森友学園・加計学園事件で、公文書隠蔽・改ざん・毀棄が大問題になり、情報操作が勝手に行われていることに対して民主主義の危機が叫ばれています。さらに、誰も責任を取らないため、公文書隠蔽・改ざん・毀棄のやり方が大手を振ってまかり通ることになり歯止めがかからなくなっています。これは国政の問題ですが、川崎でも公文書隠蔽・改ざん・毀棄が起こっているにも関わらず、隠滅した当事者個人の責任とされ、公文書隠蔽・改ざん・毀棄が平然と行われている体質・体制には全くメスが入っていません。

 

川崎市教育委員会会議議事録の録音記録(音声データ)が、嘘をついて隠され、嘘がばれそうになると音声データを消去してしまい証拠をなくしてしまう、会議録を改ざんすることが平然と行われました。

実教出版高校日本史Aの教科書を排除した、平成24年8月17日と30日の教育委員会会議の録音記録(音声データ)の開示請求に対し、川崎市教育委員会は、公文書でないことを理由に開示請求を拒否し、拒否処分に対して市民が異議申し立てをしたことから情報管理課の音声データの保存の要請に対し音声データはないと嘘の回答をし、情報管理課から音声データの存否確認の通知を受けるや、音声データそのものを消去してしまうという暴挙を犯してまで、物理的不存在を理由とする開示請求拒否処分をして、何としても音声データを出しませんでした。公文書毀棄という犯罪行為を犯してまで出したくなかったほど、重大な内容が録音されていたことがうかがわれます。

しかし、教育委員会は、データを消去した責任を問うのではなく、データがあるのにないと嘘をついた非行の責任だけを問い、三か月の停職処分としただけで、貴重な公文書を隠滅した責任を問わないだけでなく、そうした犯行が行われてしまう体質・体制、監督者たる教育長の責任を全く問うことがありませんでした。
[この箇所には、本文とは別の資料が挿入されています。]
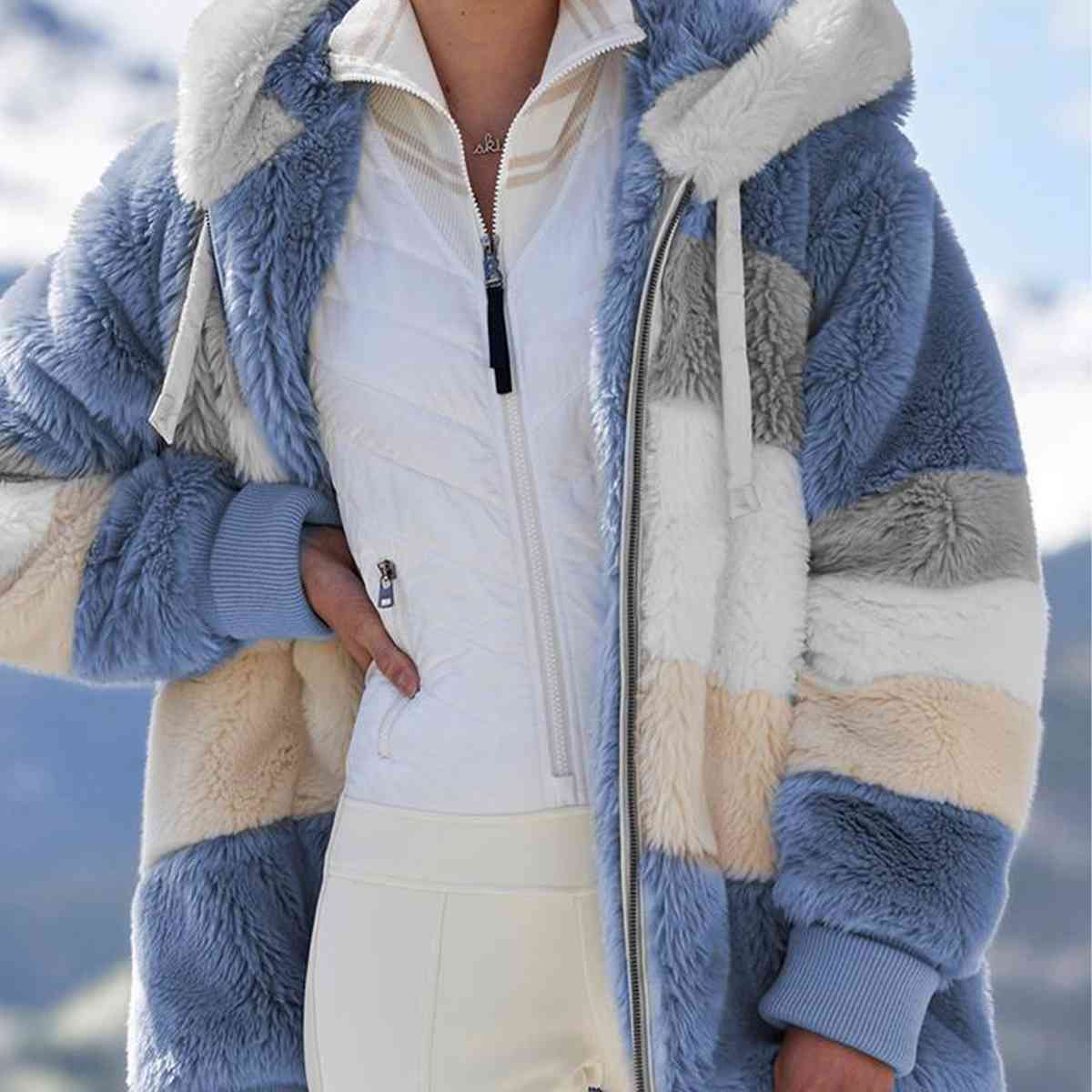 EP | Veste d'hiver confortable et à la mode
そこで、音声データ開示請求をした市民が、川崎市を被告として、知る権利を害されたとして損害賠償の裁判を横浜地方裁判所川崎支部に起こしました。

裁判において、川崎市教育委員会は、音声データを開示していたにもかかわらず、音声データは不開示事由があり、開示されないものだから損害はないと全面的に争ってきました。そして、こともあろうに横浜地方裁判所川崎支部の裁判官はこの川崎市の言い分をそのままうのみして、不開示事由があることを認めるという驚くべき不当な判決を下したのです。教育委員会が不開示事由がないとして開示してきたものを後になって不開示事由があったなどとひっくり返すことができる訳がないのに、川崎支部の裁判官は、今から考えて不開示事由があればいいのだと手前勝手な理屈で不開示事由があることを認定し、情報公開条例が、公開することを原則とし、非公開とすることができる情報は必要最小限に止められることとする条例の考え方に真正面から挑戦してきたのです。

知る権利の制限、民主主義の危機は政治の世界だけではなく、司法の世界にまで広がっているということが明らかになりました。

原告らは、控訴して、川崎支部の誤った判決を取り消し、知る権利の擁護・前進と民主主義を守るために斗いを続けています。